You will find lots of different notation for gradients and multivariate terminology. For this Module, you are supposed to ignore it and stick to everything you know about derivatives. It turns out that you can do most of machine learning without ever thinking in higher dimensions.

If you think about gradient and \(grad_{out}\) in this way (i.e. tensors of derivatives and \(d_{out}\)), then you can see how we can easily compute the gradient for tensor operations using univariate rules.

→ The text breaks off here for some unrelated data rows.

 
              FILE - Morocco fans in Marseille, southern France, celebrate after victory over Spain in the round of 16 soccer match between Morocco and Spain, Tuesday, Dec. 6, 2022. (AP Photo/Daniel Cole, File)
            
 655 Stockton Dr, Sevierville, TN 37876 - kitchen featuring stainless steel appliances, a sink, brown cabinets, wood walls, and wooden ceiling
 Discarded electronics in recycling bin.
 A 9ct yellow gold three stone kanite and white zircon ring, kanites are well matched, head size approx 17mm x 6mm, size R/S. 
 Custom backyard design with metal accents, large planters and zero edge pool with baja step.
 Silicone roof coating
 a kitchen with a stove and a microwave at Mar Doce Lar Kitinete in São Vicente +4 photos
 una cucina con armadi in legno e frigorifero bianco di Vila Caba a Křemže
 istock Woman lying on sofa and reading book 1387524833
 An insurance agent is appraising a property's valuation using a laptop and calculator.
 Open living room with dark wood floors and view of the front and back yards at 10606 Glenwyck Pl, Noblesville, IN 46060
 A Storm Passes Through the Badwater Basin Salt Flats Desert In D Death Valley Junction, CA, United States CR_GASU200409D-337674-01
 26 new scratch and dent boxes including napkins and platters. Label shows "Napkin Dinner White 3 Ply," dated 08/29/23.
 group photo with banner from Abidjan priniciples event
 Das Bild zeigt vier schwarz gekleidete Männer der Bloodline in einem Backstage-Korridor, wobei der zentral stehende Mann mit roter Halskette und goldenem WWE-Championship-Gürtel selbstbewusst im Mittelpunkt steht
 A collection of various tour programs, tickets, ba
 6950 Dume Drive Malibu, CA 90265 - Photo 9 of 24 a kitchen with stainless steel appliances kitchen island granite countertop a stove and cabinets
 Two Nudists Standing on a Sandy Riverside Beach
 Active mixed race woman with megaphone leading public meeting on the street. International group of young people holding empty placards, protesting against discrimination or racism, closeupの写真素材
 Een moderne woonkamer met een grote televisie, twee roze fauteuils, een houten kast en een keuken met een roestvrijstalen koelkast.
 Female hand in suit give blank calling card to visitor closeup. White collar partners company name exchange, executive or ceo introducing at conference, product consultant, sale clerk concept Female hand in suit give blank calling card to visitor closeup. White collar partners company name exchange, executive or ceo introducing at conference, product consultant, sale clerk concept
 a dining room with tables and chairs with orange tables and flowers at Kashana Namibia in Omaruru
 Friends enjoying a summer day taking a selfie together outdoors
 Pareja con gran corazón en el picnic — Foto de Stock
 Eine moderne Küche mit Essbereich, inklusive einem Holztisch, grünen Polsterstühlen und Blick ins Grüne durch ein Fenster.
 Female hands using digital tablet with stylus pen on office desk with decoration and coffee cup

  1. map. Given a tensor, map applies a univariate operation to each scalar position individually. For a scalar \(x\), consider computing \(g(x)\). From Module 1, we know that the derivative of \(f(g(x))\) is equal to \(g'(x) \times d_{out}\). To compute the gradient in backward, we only need to compute the derivative for each scalar position and then apply a mul map.

_images/map back.png
  1. zip. Given two tensors, zip applies a binary operation to each pair of scalars. For two scalars \(x\) and \(y\), consider computing \(g(x, y)\). From Module 1, we know that the derivative of \(f(g(x, y))\) is equal to \(g_x'(x, y) \times d_{out}\) and \(g_y'(x, y) \times d_{out}\). Thus to compute the gradient, we only need to compute the derivative for each scalar position and apply a mul map.

_images/zip back.png
  1. reduce. Given a tensor, reduce applies an aggregation operation to one dimension. For simplicity, let's consider sum-based reductions. For scalars \(x_1\) to \(x_n\), consider computing \(x_1 + x_2 + \ldots + x_n\). For any \(x_i\) value, the derivative is 1. Therefore, the derivative for any position computed in backward is simply \(d_{out}\). This means to compute the gradient, we only need to send \(d_{out}\) to each position. (For other reduce operations such as product, you get different expansions, which can be calculated just by taking derivatives).